*Task to complete*. Copy exactly the lines of the data below that run from the line holding "1951 Verson 8-54G" through the line holding "Image Pink Floyd's", both ends included.

*Material for the task*.
---------------
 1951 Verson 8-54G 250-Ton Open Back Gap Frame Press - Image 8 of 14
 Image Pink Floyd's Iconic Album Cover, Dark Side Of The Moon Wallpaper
---------------
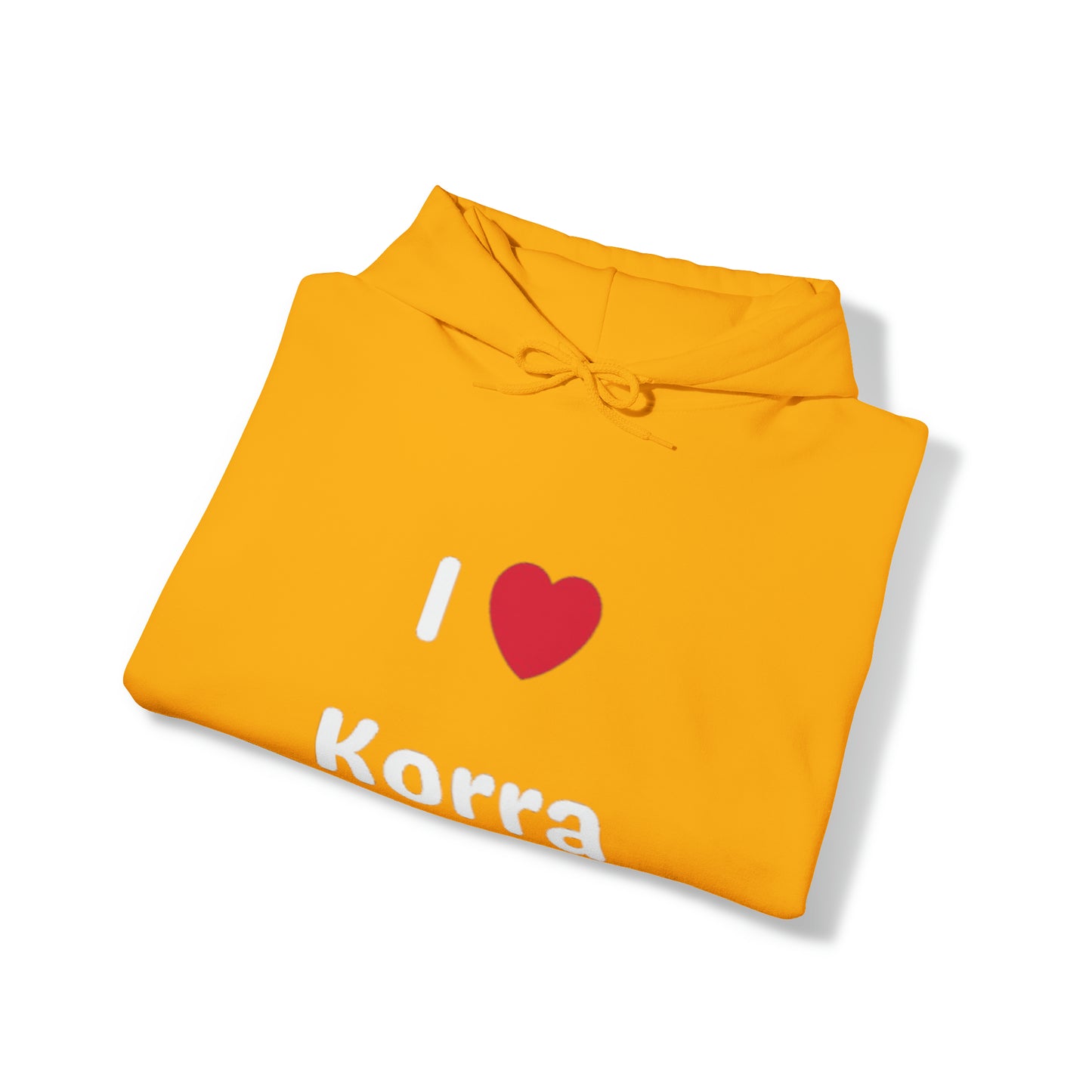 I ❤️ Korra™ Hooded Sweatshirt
---------------
*Written solution*.
 1951 Verson 8-54G 250-Ton Open Back Gap Frame Press - Image 8 of 14
 Image Pink Floyd's Iconic Album Cover, Dark Side Of The Moon Wallpaper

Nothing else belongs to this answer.